Could you return all of the entries below exactly, minus the pictures?

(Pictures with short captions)
____
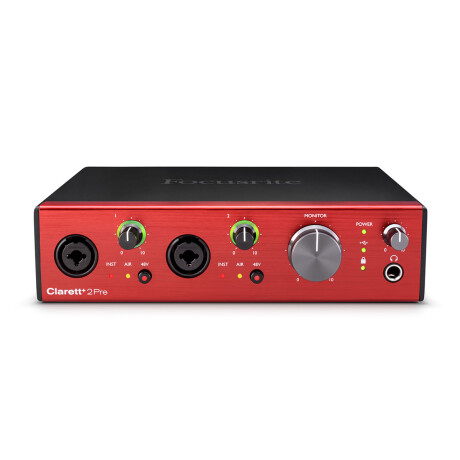 Interfaz De Audio Focusrite Clarett+2pre Interfaz De Audio Focusrite Clarett+2pre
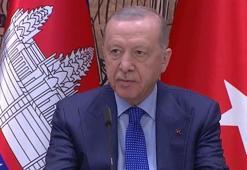 Kamboçya Başbakanı Türkiye'de! Cumhurbaşkanı Erdoğan: 'Savunma sanayii alanında iş birliğimizi güçlendireceğiz'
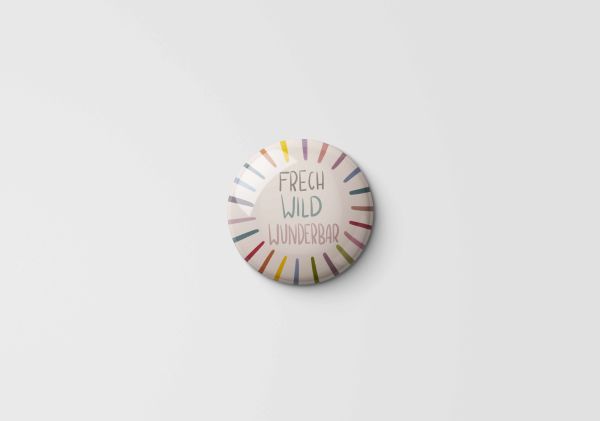 25 mm Frech Wild Wunderbar Button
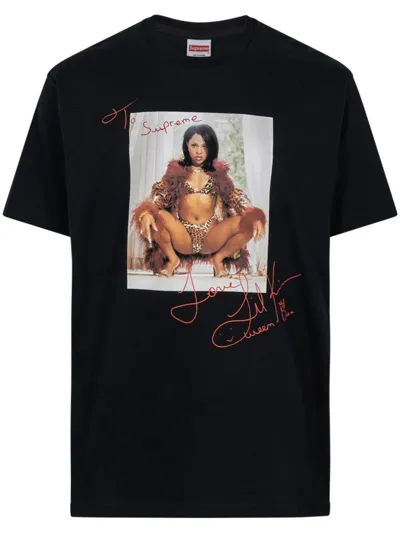 Supreme Lil Kim T-shirt In Schwarz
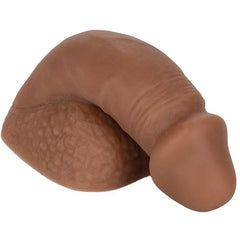 Packer Gear Silicone 4" Packing Penis Packer Cal Exotics Brown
____
▸ Output for this task
 Interfaz De Audio Focusrite Clarett+2pre Interfaz De Audio Focusrite Clarett+2pre
 Kamboçya Başbakanı Türkiye'de! Cumhurbaşkanı Erdoğan: 'Savunma sanayii alanında iş birliğimizi güçlendireceğiz'
 25 mm Frech Wild Wunderbar Button
 Supreme Lil Kim T-shirt In Schwarz
 Packer Gear Silicone 4" Packing Penis Packer Cal Exotics Brown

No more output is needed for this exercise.